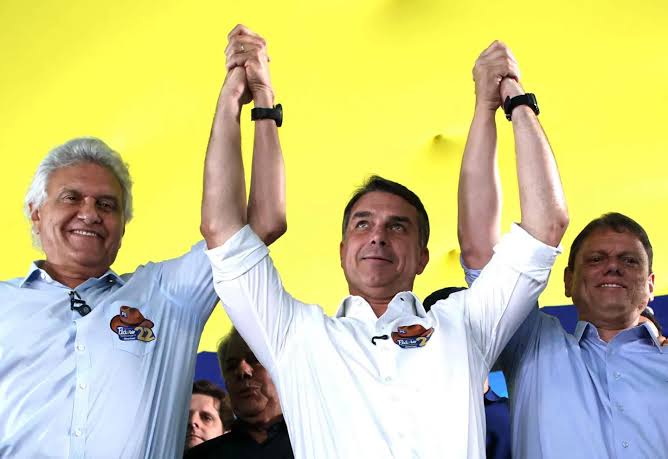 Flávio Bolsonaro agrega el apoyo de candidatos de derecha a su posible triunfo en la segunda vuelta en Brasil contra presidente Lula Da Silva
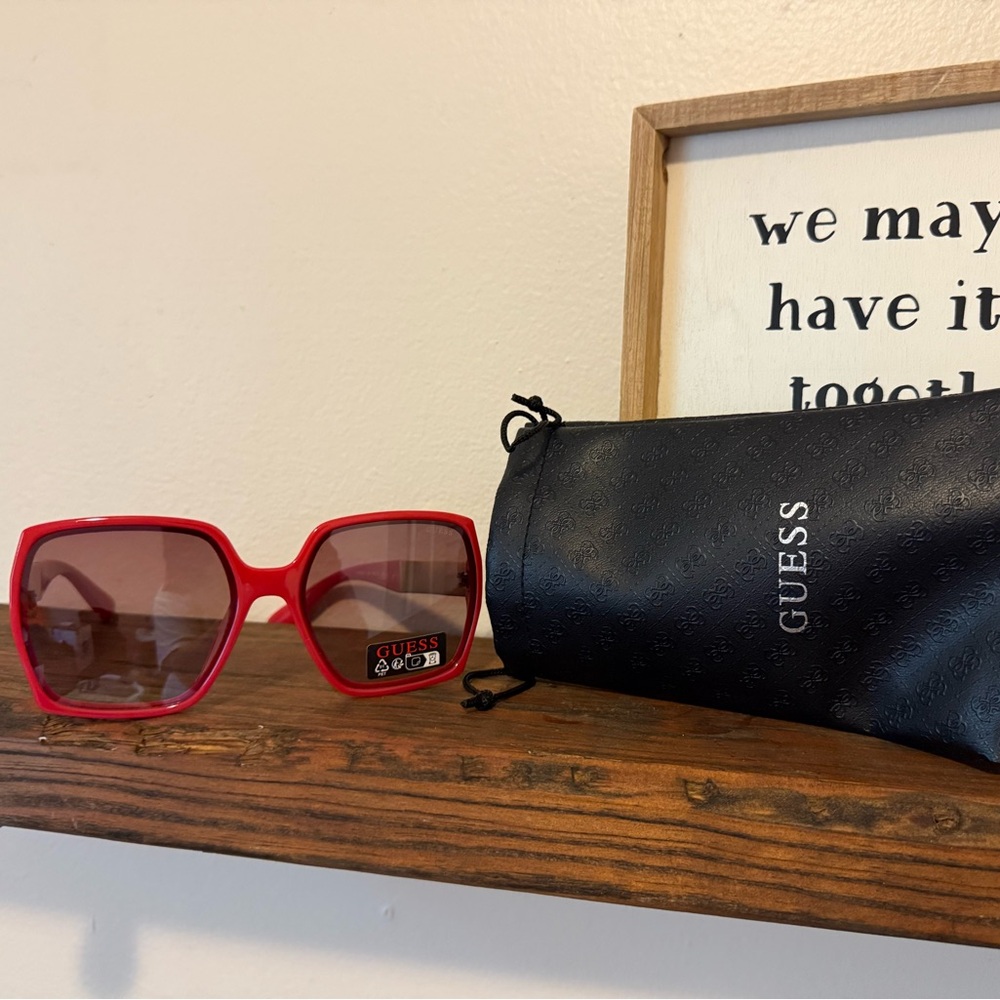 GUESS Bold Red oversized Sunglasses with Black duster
━━━━━━━━━━━━━━━━━━━━━━━━━━━━━━
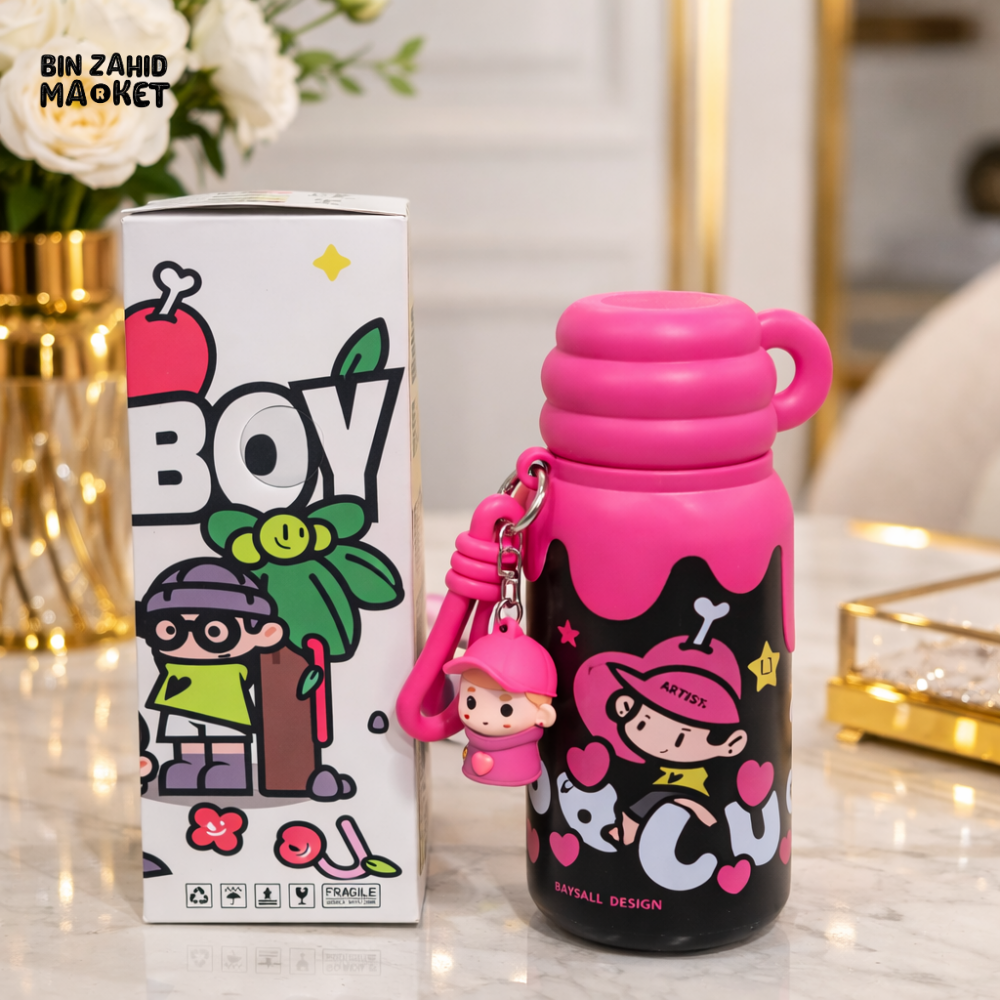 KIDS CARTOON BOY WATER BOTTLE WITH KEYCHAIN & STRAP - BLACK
━━━━━━━━━━━━━━━━━━━━━━━━━━━━━━
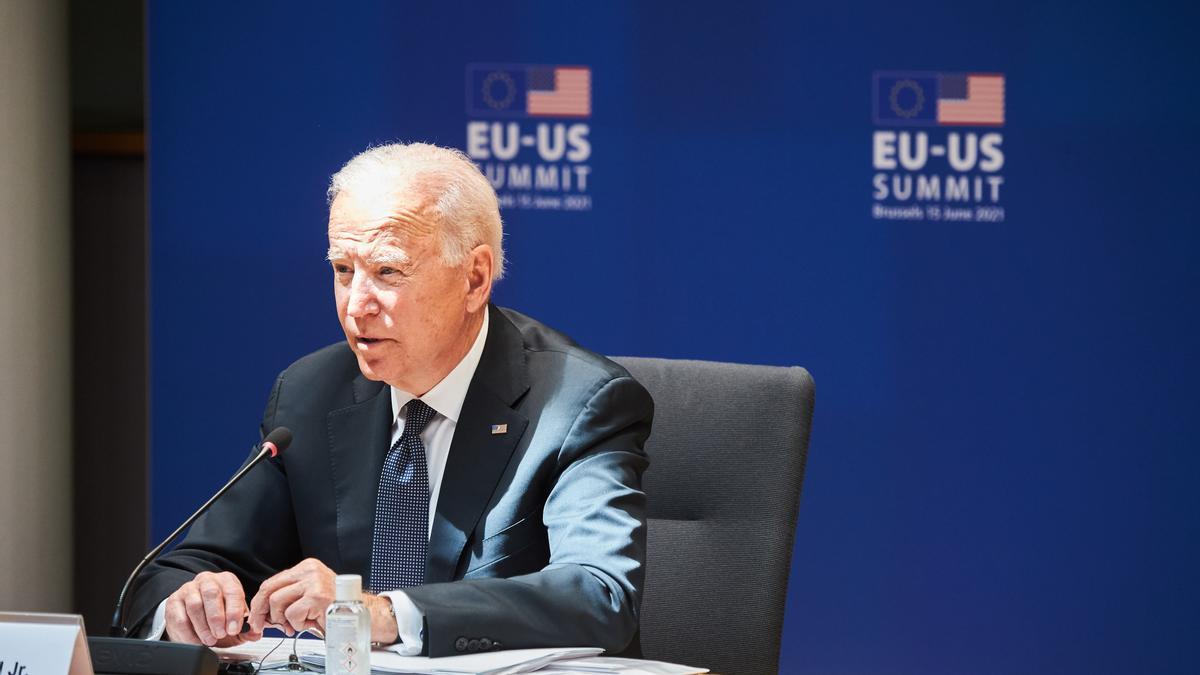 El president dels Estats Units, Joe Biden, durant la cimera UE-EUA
━━━━━━━━━━━━━━━━━━━━━━━━━━━━━━
ABOUT THIS TASK |
From the line holding "Flávio Bolsonaro agrega" to the line holding "GUESS Bold Red", both included, retype the entries above exactly and drop the pictures.

WRITTEN ANSWER |
 Flávio Bolsonaro agrega el apoyo de candidatos de derecha a su posible triunfo en la segunda vuelta en Brasil contra presidente Lula Da Silva
 GUESS Bold Red oversized Sunglasses with Black duster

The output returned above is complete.